Le temps d’un été, tout un groupe d’ami(e)s d’adolescence, aujourd’hui adultes, se retrouvent dans la banlieue où ils ont grandi…
Amanda ayant été un de mes films préférés de l’an dernier, j’étais très curieuse de découvrir le reste de la filmographie de Mickaël Hers. J’avais bien aimé Ce sentiment de l’été qui promenait le deuil au gré des voyages de ses protagonistes.
Ici point de déplacements, mais au contraire, un ancrage dans la banlieue sud-ouest de Paris, où tous les personnages du film ont grandi. Il y a celles qui sont partis et ceux qui sont revenus, et la plupart sont hébergés, de façon plus ou moins temporaire, chez leurs parents. Tous sont devenus adultes en âge, mais pas forcément complètement dans leurs modes de vie, qui fluctuent du couple avec enfant au squattage tranquille chez maman avec petit job d’été à la médiathèque du quartier.
Sur le fond, c’est sans doute le film du réalisateur avec le moins d’action. On est dans la chronique estivale quotidienne comme chez un Rohmer (la présence de Marie Rivière n’y est pas pour rien) ou un Guillaume Brac, le goût des grandes phrases sur les sentiments en moins. Chez Mickaël Hers, les personnages n’agissent pas tellement, ne parlent pas beaucoup, ils se contentent d’être, singulièrement et collectivement, de se regarder, de veiller à ne pas éclater la bulle d’affection dans laquelle ils gravitent.
On s’y laisse glisser avec facilité et sans déplaisir, aidés par le grain impressionniste de l’image façon souvenirs tournés au caméscope de nos enfances, et peu à peu on apprivoise la bande, on en dégage des individualités propres, car chacun trimballe ses problèmes et ses failles. Des thématiques émergent, celle des relations familiales autour des deux sœurs (Lolita Chammah et Stéphanie Déhel) dont le père (Didier Sandre) est gravement malade, celle de la frontière entre amitié et relation amoureuse autour de Vincent (Thibault Vinçon) et Christelle (Dounia Sichov), celle de la dépression qui peut accompagner le début de la vie d’adulte (Thomas Blanchard). Le tout dans une ambiance d’une grande douceur et d’une grande mélancolie, qui a la saveur des souvenirs de moments si heureux qu’on percevait déjà en les vivant la morsure de la nostalgie.
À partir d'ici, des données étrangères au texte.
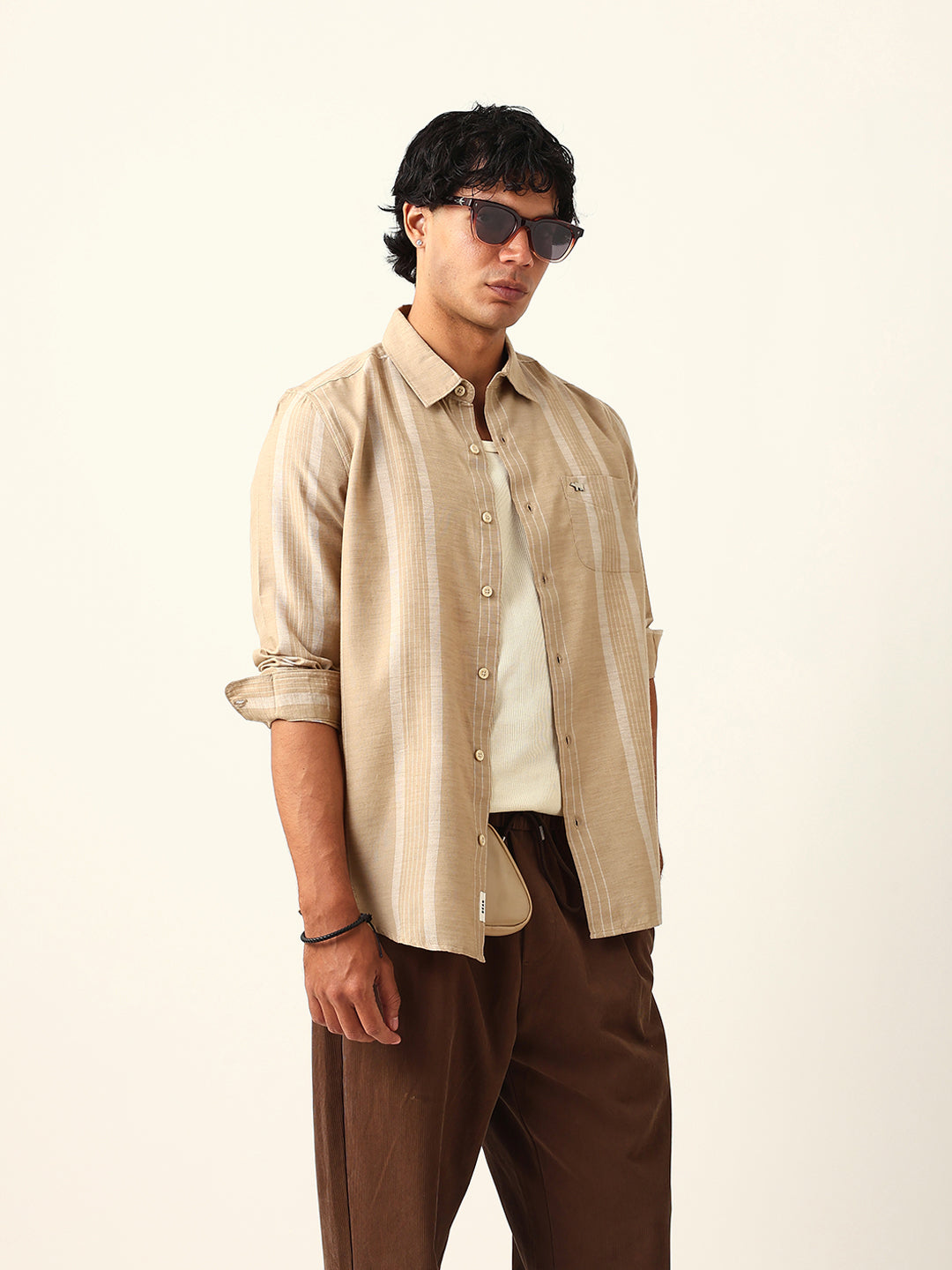 Men Beige Casual Shirt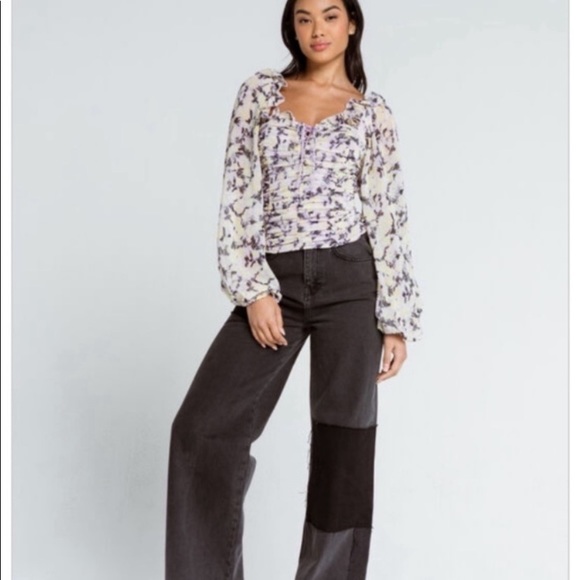 FREE PEOPLE Mabel Blouse Lilac XSmall NWT - Picture 4 of 7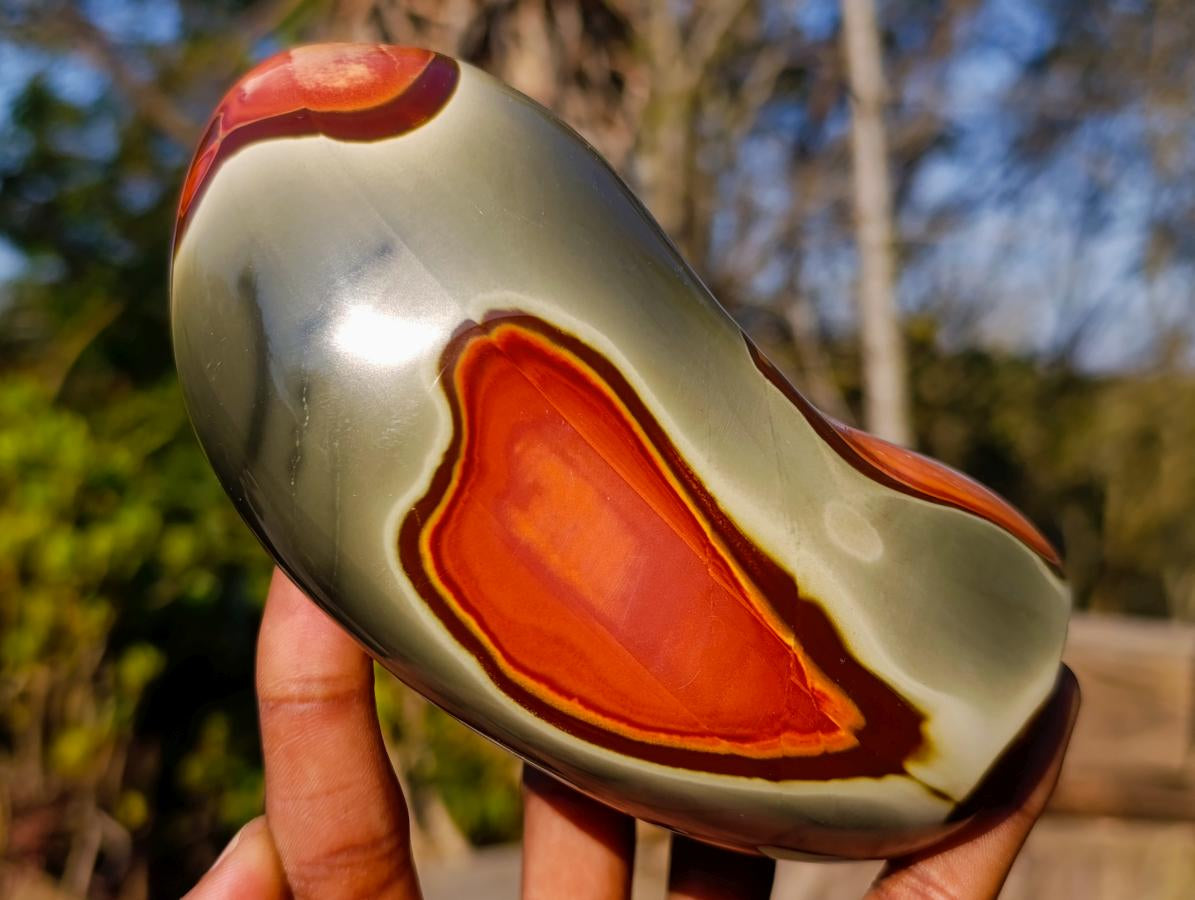 Polished Polychrome Jasper Standing Display Pieces x 3 From NW Coast, Madagascar - Toprock Gemstones and Minerals 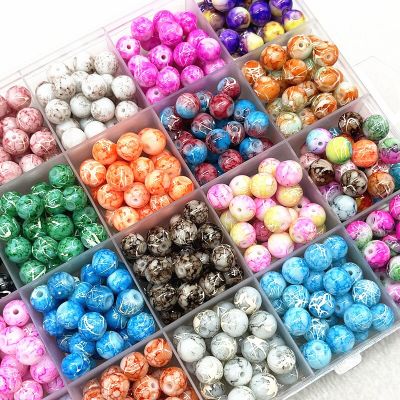 4/6/8/10mm Pattern Round Glass Beads Loose Spacer Beads for Jewelry Making DIY Handmade Clothing Accessories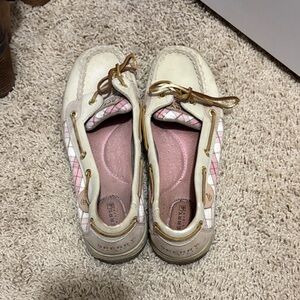 Sperry Women's Cream and Pink Loafers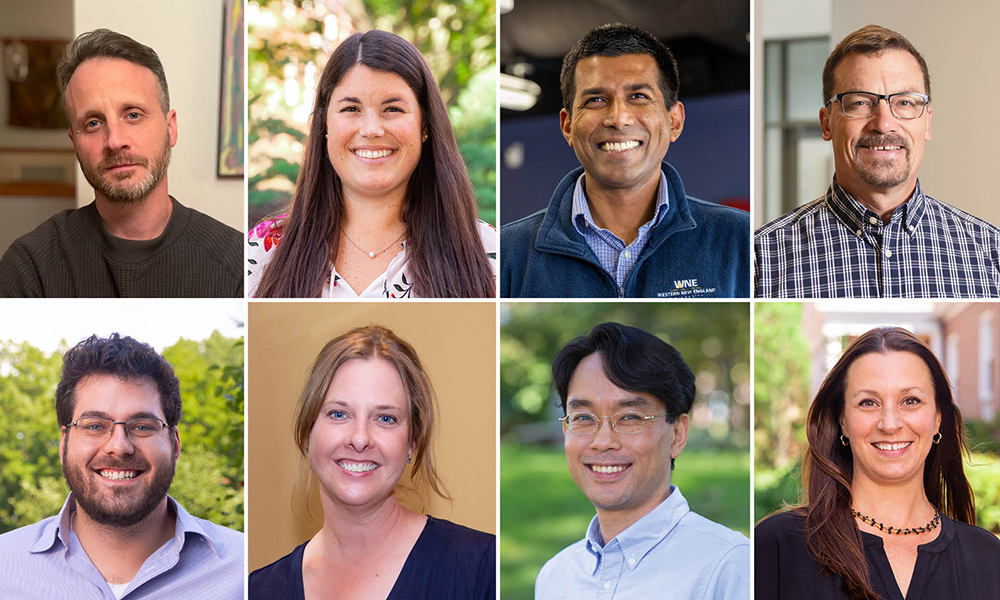 Panel featuring headshots of eight faculty finalists for the teaching excellence award.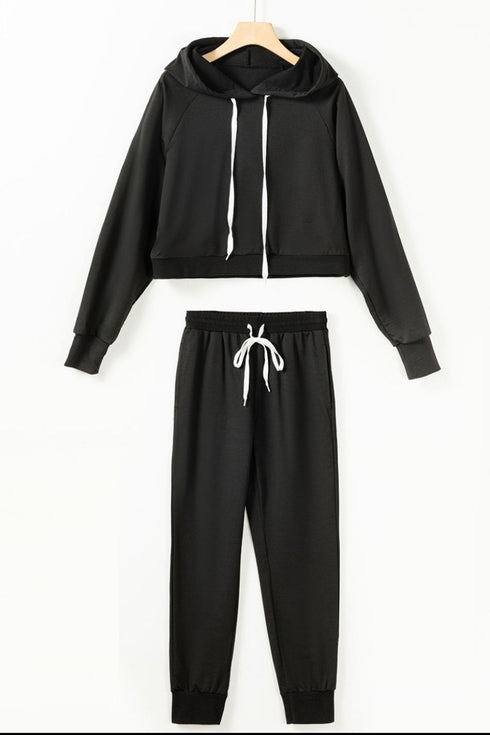 'Valentina' Drawstring Hoodie and Pants Set - Celes Fashion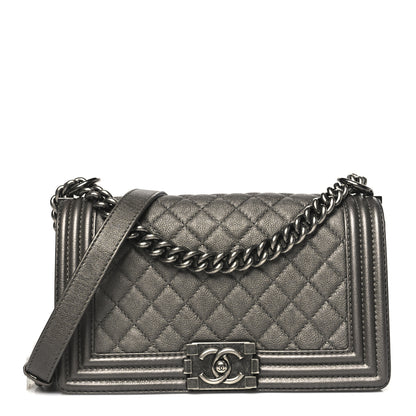 Chanel Metallic Calfskin Quilted Medium Boy Flap Dark Silver 1 of 11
On n’est pas si loin des atmosphères chères à la famille Delerm, et si la bande-originale opte pour l’anglais tout au long du film, elle égrène les notes d’un piano triste sans violence.
C’est infiniment tendre malgré les chagrins qui se profilent, et ce mélange de douleur et de la lumière des beaux jours préfigure les films suivants du réalisateur, qui exacerbent à la fois le tragique et le solaire.